At AAA Auto Sales, 1425 Kennedy Road, in Scarborough the salesman added the words "structural damage" to an offer of sale AFTER the APA shoppers had signed the agreement! Until that point, over the course of three visits and more than two hours, he represented the car as having had only a rear bumper replaced. The reported value of the claims: about $14,000 total in two collisions. Unlike a regular retail customer, APA captured this trick on camera.
Some finance offers fail, some warranties come with holes
Three dealers promised 100% credit approval and $0 down or O% in the bold print of their ads. In the fine print or at the lot, a down payment of up to 50% could be required.
Almost worthless warranties are common in the Toronto market. Used car dealers will offer a one-year or two-year powertrain warranty, but fail to mention the $800 claim limit and $100 deductible.
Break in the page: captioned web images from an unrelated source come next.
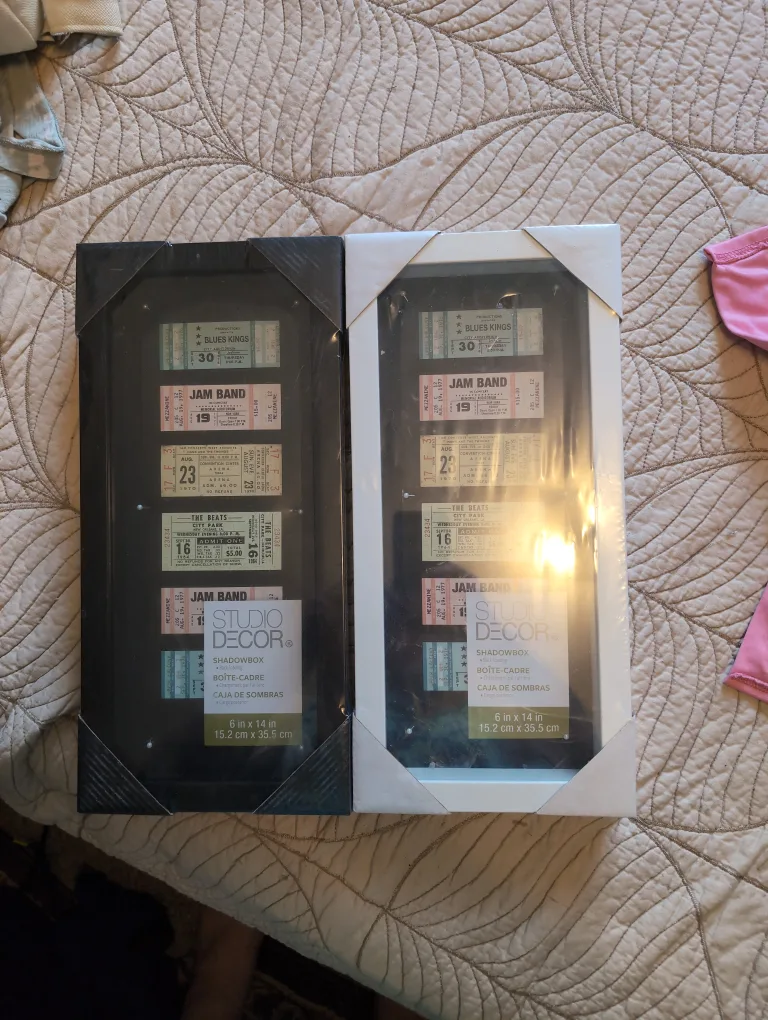 Shadowbox Display Frames image indicator(6)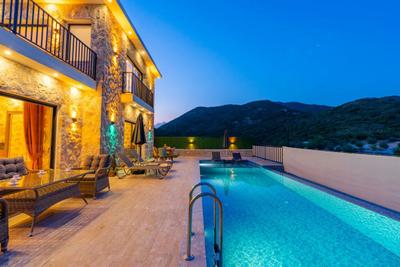 Villa Twilight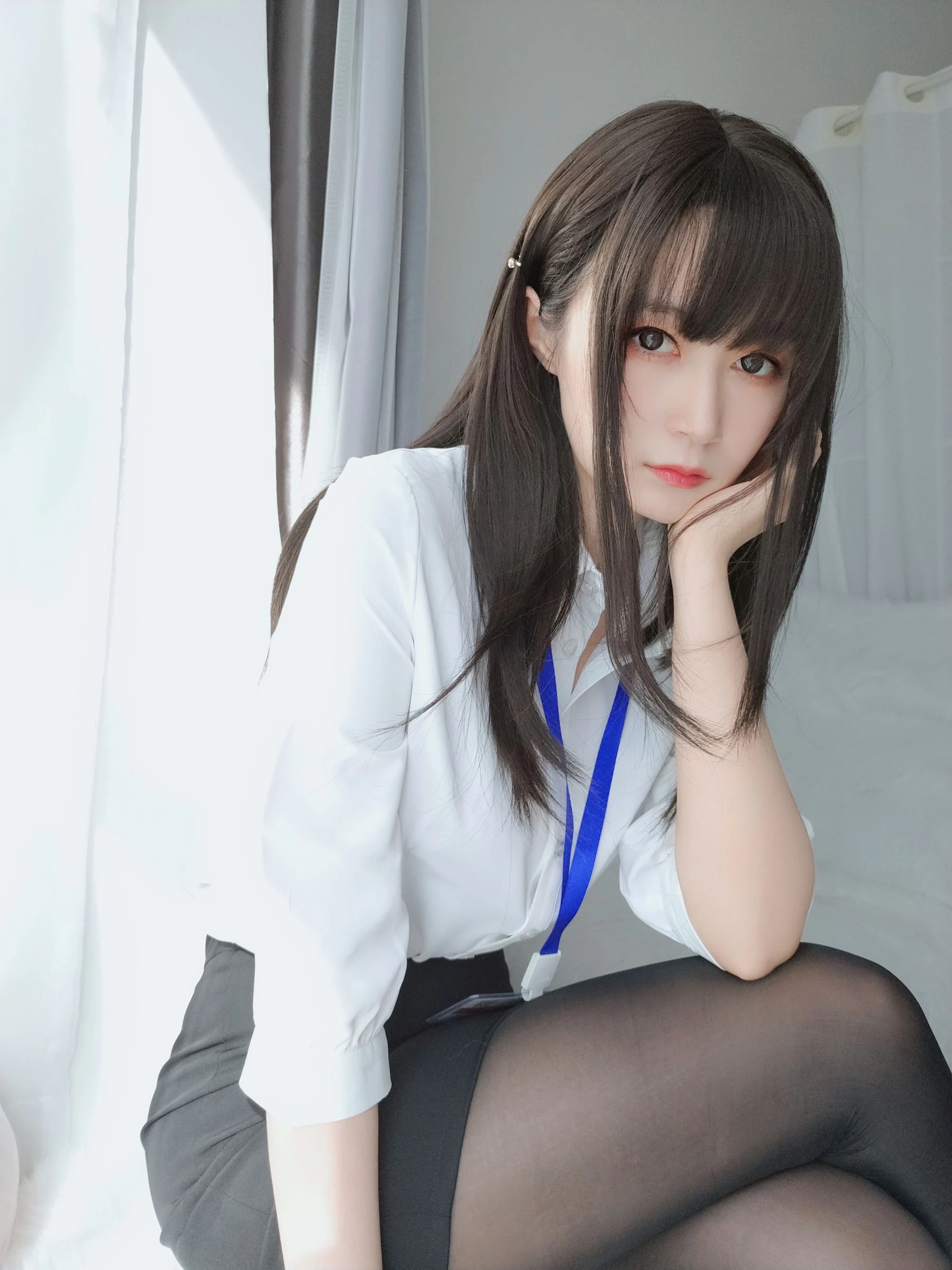 Coser小姐姐白银 – 制服插图5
This sort of coverage is misleading, since no "powertrain" costs as little as $800 to replace or rebuild.
Can I take the vehicle for an off-site inspection? Only two dealers prohibited the pre-purchase inspection at the buyer’s garage. They were Haishang Auto Sales in Scarborough and Auto Rover in Toronto. In Quebec, the inspection is a consumer right. Requiring a non-binding offer to purchase and a refundable deposit are deemed acceptable pre-conditions to the inspection.
Curbsiders are unlicensed dealers posing as private parties who are selling their personal-use vehicles. They can also be licensed dealers representing themselves as private parties in classified advertising. They are lurking in over 20% of classified advertising. The APA shopped five Toronto area curbsiders this year. In other markets visited by the APA, curbers appear to work from residential addresses. The curbers in Toronto appear to be more professionalized. Some are not easy to spot, as they can appear to be legitimate businesses selling from a commercial location. In fact, figuring out you are dealing with a curber can be very difficult in Toronto.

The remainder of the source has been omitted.